Preliminary Findings: Among individuals indicated by enrollment records to be covered by one of the five coverage types, overall 98 percent reported some type of comprehensive coverage. There was some variation by strata; 96 percent of public enrollees reported being covered compared to 98-99 percent for all other plan types. Reporting accuracy of particular coverage type varied by strata, with 94 percent of individuals with ESI reporting this type. For all other strata, correctly defining coverage type (and hence reporting accuracy) hinged on not one but several self-reported data points on coverage: general source of coverage (government versus direct-purchase), whether the coverage was from the marketplace, whether there was a premium and, if so, whether the premium was subsidized. Preliminary results show that reporting accuracy for public coverage was about 80 percent and for non-group (including from the marketplace) reporting accuracy was about 77 percent.
We also explore the offsetting influence of misreporting coverage across individuals with different insurance types in the CPS. We then project the impact of these offsetting influences of survey misreporting on benchmark survey estimates of the prevalence of insurance type. To facilitate generalizability, we contrast CHIME CPS result with and without the MinnesotaCare strata given that only small group of states have public programs that charge a premium and bear a unique name.

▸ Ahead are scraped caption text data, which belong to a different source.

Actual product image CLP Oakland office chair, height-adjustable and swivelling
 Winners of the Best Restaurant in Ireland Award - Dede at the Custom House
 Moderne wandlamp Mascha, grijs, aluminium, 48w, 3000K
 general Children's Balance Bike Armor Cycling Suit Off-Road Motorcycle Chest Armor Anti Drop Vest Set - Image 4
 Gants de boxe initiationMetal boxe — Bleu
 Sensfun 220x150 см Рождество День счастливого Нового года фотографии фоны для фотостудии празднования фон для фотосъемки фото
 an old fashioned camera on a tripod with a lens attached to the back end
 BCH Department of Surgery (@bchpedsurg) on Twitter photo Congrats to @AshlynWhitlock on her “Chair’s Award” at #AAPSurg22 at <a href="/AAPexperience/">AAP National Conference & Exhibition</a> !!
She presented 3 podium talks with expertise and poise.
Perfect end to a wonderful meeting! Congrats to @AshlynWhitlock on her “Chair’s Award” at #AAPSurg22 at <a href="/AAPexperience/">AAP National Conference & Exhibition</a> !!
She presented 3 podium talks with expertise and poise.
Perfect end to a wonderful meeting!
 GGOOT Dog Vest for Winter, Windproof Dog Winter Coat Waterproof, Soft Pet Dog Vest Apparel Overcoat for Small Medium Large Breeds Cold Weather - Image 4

Conclusion: CHIME results corroborate past findings that self-reported coverage status (insured/uninsured) in the CPS survey is quite accurate. There is no evidence of a drop-off in self-reported accuracy of coverage status (insured/uninsured). Accuracy of self-reported coverage type is generally problematic and appears to be more complicated following the introduction of new health insurance products and new pathways to enrolling in coverage. Understanding overall bias in survey estimates of coverage type requires information about misreporting of both private and public insurance.